"Şiddet, her zaman kötü değildir."
Bir seyirci olarak şiddetli kahramanlara çokça alıştık. Filmlerimizde insanlar sık sık yaşam-ölüm durumlarına giriyor ve diğer insanları öldürmek zorunda kalıyor.
"Farklı bir Oldboy ve John Wick ile karşılaşıyoruz."
Karakterin geçmişinden taşımış olduğu yara izleriyle ilgili bir film. Sıklıkla kabul ettiğimiz, acımasız ve travmatik bir geçmişe sahip tüm karakterlerin, duygusal gerilimlerinden ötürü böyle oluşlarını fark ederiz. Film sadece bize sunulan büyük bir gerilimi değil, aksine psikolojik çöküşü de anlatır. Her sahnede tamamen vazgeçmekten, kendi hayatını bitirmekten karakterler, o rahatsız edici düşüncelerden kurtulmak için tüm tehlikeye ve şiddete gözü kapalı oldukları gibi kendilerini bırakırlar. Sadece arınabilmek için...
Film başlarken karşımıza suç mahallinde kanı temizleyen ve delilleri bertaraf eden Joe adında biri çıkıyor. Kaçıran kişi yahut katil olmadığını anlayabilmemiz inanılmaz derecede uzun sürer. Kanlar içinde yerde yatan öldürülmüş kişiyi kaçıranları ve katilleri yakalamak için çalışan maaşlı biri olduğunu çok sonra anlarız. Önyargılarımız burada devreye girer ve sokak berduşu gibi gözüken Joe, zihnimizde bir suçlu olarak belirir.

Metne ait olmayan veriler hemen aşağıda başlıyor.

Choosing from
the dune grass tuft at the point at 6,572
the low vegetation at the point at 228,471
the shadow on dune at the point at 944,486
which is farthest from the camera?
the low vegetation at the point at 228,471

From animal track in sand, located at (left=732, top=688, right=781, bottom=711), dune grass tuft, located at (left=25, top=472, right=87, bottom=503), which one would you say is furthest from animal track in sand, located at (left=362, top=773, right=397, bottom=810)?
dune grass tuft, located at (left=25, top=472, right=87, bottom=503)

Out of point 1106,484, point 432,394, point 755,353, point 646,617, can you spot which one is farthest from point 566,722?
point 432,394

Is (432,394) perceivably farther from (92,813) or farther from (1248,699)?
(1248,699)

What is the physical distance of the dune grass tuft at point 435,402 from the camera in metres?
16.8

Joe'yu tanıdıkça yaşlı annesiyle kalan ve kaçırılan kızları fidyecilerin elinden kurtararak geçimini sağlayan biri olduğunu görürüz. Dehşet verici bir çocukluk sonrası iş akışı, sürekli olarak daha fazla dehşetle yüzleşmeye zorlayan diğer bir aksiyondur onun için. Ortalarda artık onu korkutabilecek bir şey yoktur.
En son görevi bir politikacının kayıp küçük kızını bulmasıdır ve geçen kısa sürede kendini hayal bile edemeyeceği bir dünyada bulur. Her şey plana göre işlediği sürece güvenli ilerliyor gibi görünse de aslında hiç de öyle değildir. Her şey Joe için boka sarmaktadır. Her ne kadar iyiliğin üstesinden gelemeyeceği şey olmadığına biz normal insanlar olarak inansak da Joe için bu, doğru bir felsefe değildir.
Karşımıza çıkan film neredeyse 90 dakikadır. Karakterinin ruhsal olarak iyileşmesi için bundan daha uzun bir süreye ihtiyacı vardır. En iyi performanslardan birine ve kırılganlık ile öfke arasındaki o ince, hassas çizgiyi defalarca dengelemesine şahit oluyoruz. Filmin üçte ikisini bir arada tutmaya çalışıyor ve sonunda iç-dış zorluklarla mücadeleden çok boğuşur gibi bir hal alıyor.
İç karartıcı bir film. Bir şekilde silahlı olumsuzluğa sahipmiş gibi akıllı bir sonuca doğru kuvvetle hareket ediyor gibi görünse de izleyiciler olarak biz, bu sonucun gerçekleşmeyeceğine ilerleyen zaman diliminde kanaat getiriyoruz.